The children crossed her mind only occasionally; Estelle was more and more like her father every day, and as for the baby? Margaret had only vague conceptions of his possibilities; she had seen but little of him since his birth, except in his nurse’s arms, but she had recognized that odious likeness to the Whites. Of course old Mrs. White would take them; she adored them, and Margaret felt that she knew more about them than she did. After a while when they grew up—but Margaret could not afford to dwell upon it. They were associated with her misery, her captivity, as she chose to call it, and she could not love them; she shrank, indeed, from the thought of them, and the responsibility that their existence had thrust upon her, as so many links in her chains.

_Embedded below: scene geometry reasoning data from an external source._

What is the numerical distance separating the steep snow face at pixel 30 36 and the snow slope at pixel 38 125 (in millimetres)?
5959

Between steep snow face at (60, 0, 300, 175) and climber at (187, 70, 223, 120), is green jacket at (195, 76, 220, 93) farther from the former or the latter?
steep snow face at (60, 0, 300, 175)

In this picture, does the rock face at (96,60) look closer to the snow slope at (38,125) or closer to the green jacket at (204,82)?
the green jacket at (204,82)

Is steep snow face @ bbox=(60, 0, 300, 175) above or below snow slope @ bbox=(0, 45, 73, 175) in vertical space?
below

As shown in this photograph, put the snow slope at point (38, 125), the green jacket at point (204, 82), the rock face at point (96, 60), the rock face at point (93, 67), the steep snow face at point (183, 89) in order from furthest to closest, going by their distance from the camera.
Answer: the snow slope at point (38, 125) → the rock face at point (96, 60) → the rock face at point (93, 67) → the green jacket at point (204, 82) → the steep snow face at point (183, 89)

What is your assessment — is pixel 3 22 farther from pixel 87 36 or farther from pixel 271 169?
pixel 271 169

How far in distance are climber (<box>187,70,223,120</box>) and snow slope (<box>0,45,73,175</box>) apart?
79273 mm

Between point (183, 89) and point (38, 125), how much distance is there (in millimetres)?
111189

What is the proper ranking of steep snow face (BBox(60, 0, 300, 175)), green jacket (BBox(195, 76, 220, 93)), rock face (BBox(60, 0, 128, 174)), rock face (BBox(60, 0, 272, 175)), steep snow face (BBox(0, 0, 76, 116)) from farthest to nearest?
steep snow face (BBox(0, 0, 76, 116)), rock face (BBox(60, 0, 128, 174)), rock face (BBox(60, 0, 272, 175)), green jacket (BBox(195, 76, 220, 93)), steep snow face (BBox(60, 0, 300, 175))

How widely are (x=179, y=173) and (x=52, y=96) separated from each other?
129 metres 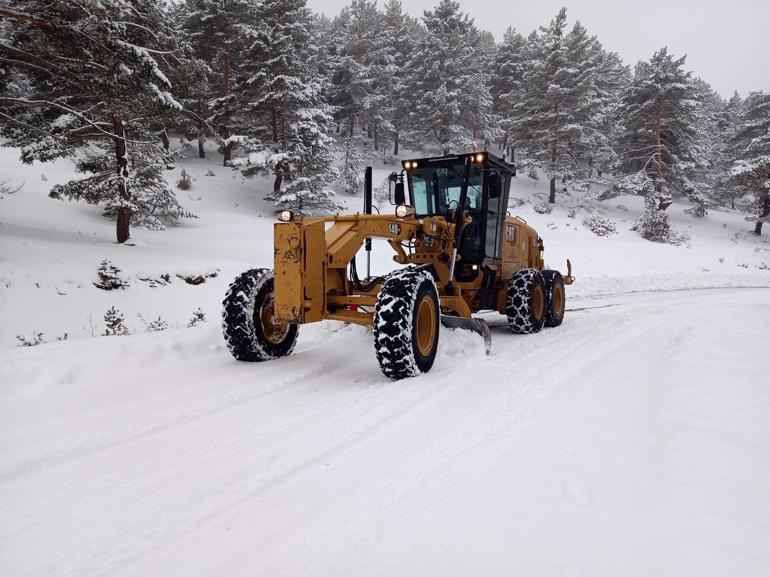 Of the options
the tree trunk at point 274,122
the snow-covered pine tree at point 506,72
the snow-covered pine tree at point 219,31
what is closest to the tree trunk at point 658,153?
the snow-covered pine tree at point 506,72

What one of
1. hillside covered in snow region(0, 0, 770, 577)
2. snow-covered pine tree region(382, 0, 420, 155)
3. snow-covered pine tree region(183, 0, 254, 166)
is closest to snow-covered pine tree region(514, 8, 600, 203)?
snow-covered pine tree region(382, 0, 420, 155)

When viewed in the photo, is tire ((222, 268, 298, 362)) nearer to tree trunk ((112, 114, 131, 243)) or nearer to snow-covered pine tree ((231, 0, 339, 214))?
tree trunk ((112, 114, 131, 243))

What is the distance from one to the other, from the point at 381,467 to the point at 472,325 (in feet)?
13.3

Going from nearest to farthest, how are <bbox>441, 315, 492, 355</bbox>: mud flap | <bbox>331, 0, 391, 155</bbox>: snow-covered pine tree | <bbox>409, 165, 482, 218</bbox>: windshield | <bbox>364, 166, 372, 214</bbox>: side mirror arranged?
<bbox>441, 315, 492, 355</bbox>: mud flap → <bbox>364, 166, 372, 214</bbox>: side mirror → <bbox>409, 165, 482, 218</bbox>: windshield → <bbox>331, 0, 391, 155</bbox>: snow-covered pine tree

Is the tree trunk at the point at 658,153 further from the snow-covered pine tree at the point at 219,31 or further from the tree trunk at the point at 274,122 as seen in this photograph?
the snow-covered pine tree at the point at 219,31

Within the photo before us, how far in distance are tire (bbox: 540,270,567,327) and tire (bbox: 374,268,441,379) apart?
3.97 m

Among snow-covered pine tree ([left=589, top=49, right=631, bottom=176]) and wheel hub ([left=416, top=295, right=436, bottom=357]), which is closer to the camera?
wheel hub ([left=416, top=295, right=436, bottom=357])

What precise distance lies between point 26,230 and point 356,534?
54.6 feet

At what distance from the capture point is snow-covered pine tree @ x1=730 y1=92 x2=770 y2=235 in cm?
2977

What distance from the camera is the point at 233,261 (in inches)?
587

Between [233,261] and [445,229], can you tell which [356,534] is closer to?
[445,229]

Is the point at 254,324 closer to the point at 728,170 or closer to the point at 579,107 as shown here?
the point at 579,107

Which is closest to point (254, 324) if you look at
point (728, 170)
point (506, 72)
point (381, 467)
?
point (381, 467)

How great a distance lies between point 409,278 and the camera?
16.5 feet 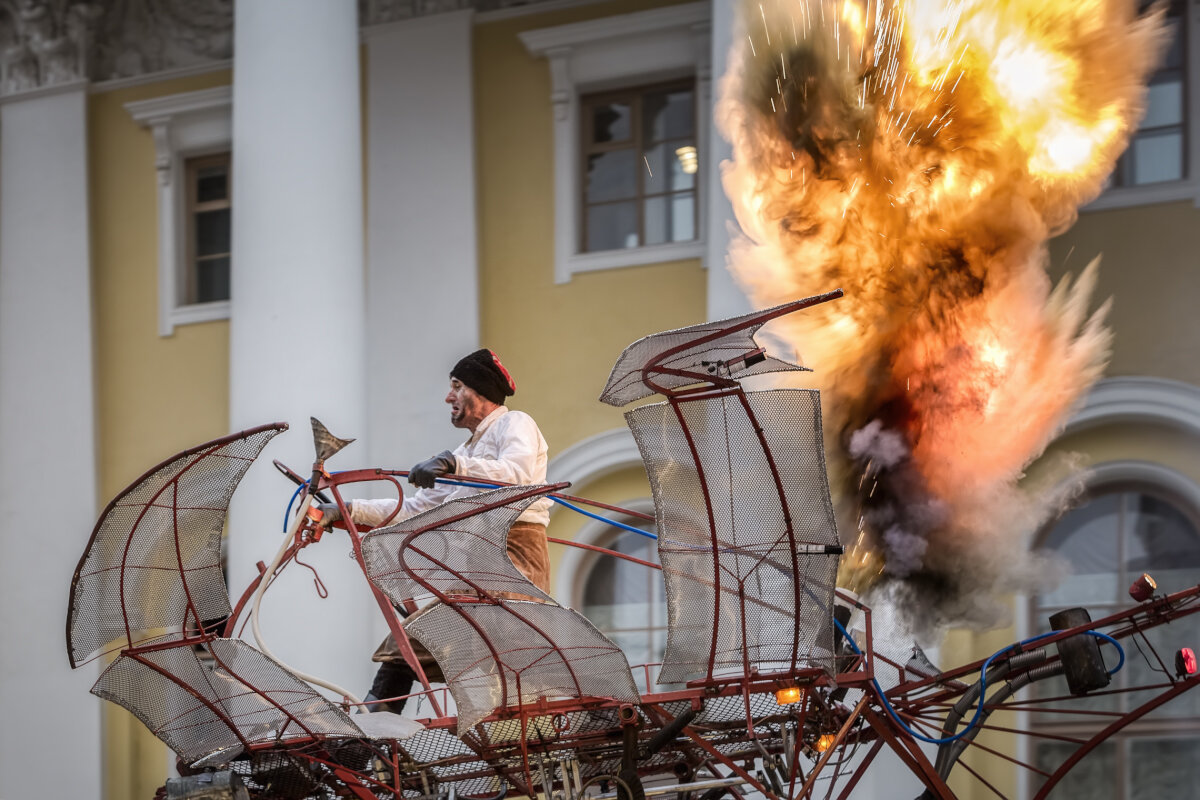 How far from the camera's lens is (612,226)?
13.0 meters

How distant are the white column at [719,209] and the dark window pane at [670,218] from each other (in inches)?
45.1

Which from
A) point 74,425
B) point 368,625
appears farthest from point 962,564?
point 74,425

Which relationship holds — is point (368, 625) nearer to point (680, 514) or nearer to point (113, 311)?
point (113, 311)

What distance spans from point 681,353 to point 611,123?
318 inches

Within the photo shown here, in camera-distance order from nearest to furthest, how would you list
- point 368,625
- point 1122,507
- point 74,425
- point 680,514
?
1. point 680,514
2. point 1122,507
3. point 368,625
4. point 74,425

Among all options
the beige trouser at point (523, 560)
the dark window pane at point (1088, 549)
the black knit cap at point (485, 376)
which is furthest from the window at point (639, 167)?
the beige trouser at point (523, 560)

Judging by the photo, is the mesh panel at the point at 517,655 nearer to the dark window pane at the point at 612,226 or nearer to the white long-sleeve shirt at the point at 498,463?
the white long-sleeve shirt at the point at 498,463

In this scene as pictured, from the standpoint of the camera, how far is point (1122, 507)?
10805 millimetres

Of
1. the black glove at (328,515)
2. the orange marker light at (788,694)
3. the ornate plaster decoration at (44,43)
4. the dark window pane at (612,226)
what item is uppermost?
the ornate plaster decoration at (44,43)

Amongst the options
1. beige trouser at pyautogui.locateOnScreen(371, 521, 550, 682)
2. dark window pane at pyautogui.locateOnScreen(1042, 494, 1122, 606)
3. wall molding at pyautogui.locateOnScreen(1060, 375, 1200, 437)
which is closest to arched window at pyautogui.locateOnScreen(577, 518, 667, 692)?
dark window pane at pyautogui.locateOnScreen(1042, 494, 1122, 606)

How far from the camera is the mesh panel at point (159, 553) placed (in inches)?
243

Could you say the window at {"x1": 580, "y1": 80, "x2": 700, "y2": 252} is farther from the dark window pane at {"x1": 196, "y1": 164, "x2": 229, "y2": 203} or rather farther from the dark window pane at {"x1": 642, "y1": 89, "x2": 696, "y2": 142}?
the dark window pane at {"x1": 196, "y1": 164, "x2": 229, "y2": 203}

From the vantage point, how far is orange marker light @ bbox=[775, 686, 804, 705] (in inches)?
223

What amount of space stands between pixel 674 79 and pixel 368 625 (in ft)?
16.4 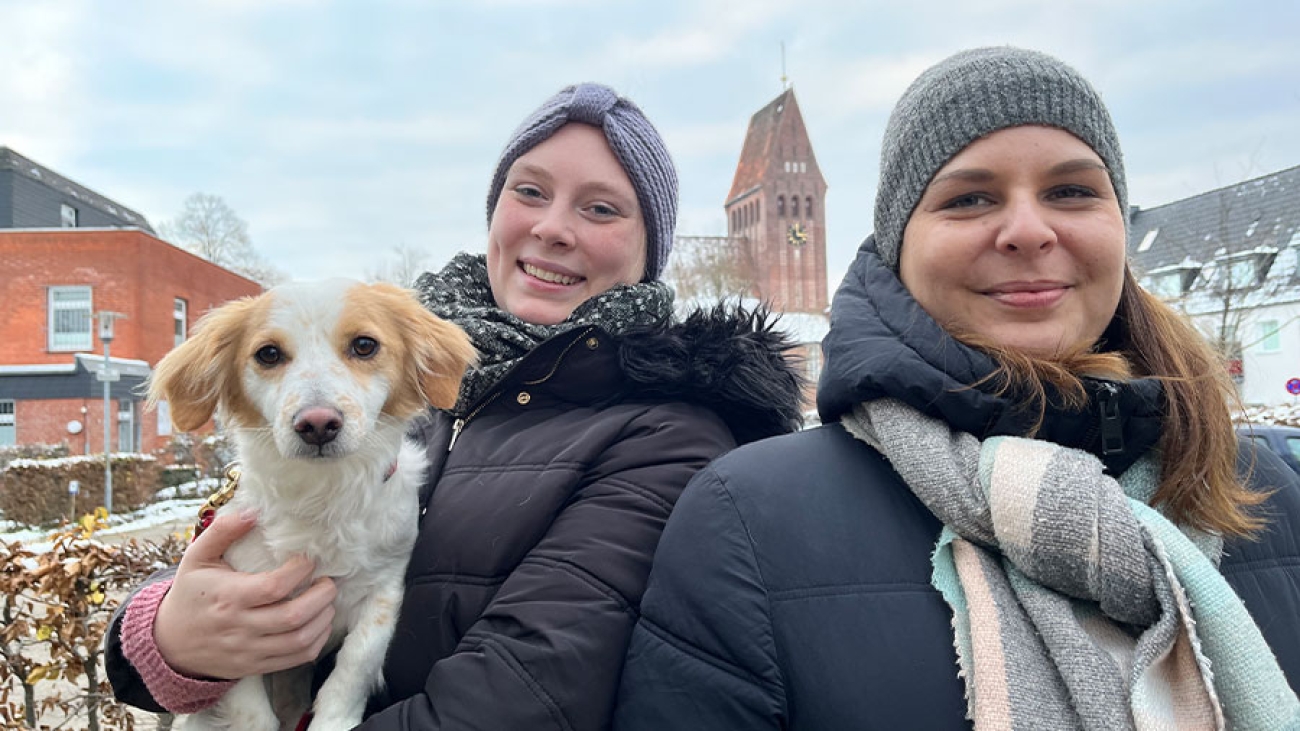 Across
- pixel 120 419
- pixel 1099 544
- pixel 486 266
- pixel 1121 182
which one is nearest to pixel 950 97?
pixel 1121 182

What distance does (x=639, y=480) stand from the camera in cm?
170

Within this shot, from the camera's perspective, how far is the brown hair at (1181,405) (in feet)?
4.67

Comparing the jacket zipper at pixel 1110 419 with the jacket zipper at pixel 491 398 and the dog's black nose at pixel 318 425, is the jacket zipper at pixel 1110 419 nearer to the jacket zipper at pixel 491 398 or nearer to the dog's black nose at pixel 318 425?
the jacket zipper at pixel 491 398

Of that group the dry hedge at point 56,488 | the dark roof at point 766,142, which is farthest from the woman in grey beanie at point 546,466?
the dark roof at point 766,142

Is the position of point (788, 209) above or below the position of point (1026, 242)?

She returned from her interview with Allestree in a curious frame of mind. Her unreasonable discourtesy to the Vermilions and Mrs. Wingfield—people who really only hovered on the edge of her horizon—her insistent attacks upon Allestree’s sore heart, had all been prompted by her own feverish misery. Once alone in her room she went to the mirror, and holding up one of the candelabra, gazed long and fixedly at her own reflection, asking over again the question she had asked herself on the night of Mrs. O’Neal’s dinner. Had she lost her beauty? Was the potency of her spell destroyed in some mysterious way? Hideous thought—was she growing old?
She saw, indeed, all that she had seen in Allestree’s mirror, and more; the misery that looked out of her own eyes frightened her, and there were more delicate lines than there had been on that previous occasion, or else the light was stronger. This was the reason then of the senseless stare of Miss Vermilion’s china blue eyes—Margaret wondered vaguely why girls of that sort always had china blue eyes?
She set down the candelabrum, and sinking into a chair by the open fire began to brood over her troubles, forgetful that she must be dressed soon for her own reception; it was the night when her weekly guests assembled at those already famous evenings. Her thoughts reverted to Fox; the remembrance of his love for her was like the sudden fragrance of violets in a desolate place.
He had loved her; it never seemed possible for a moment that a word, a sign, could not reanimate his passion, as a breath of air will strike fire from the smouldering embers. Now, too, she could appreciate and understand his love; she was no longer a raw slip of a girl or a stiff little Puritan like Rose Temple! But she knew the barrier which existed between them; never by a word or a sign had Fox trespassed against White’s hospitality, he would never urge her to desert her husband, but if she were free—
She rose and began to walk about the room, touching first one object and then another with restless fingers; the thought of freedom was like wine, it went to her brain; the vision of the divorce court, the lawyers, the judges, the newspapers, floated into space. She stretched her clasped hands high above her head and drew a long breath, her soul almost shouted for joy. Freedom!
It was, next to happiness, the desired of the gods! And after all did not one involve the other, was not one absolutely essential to the other?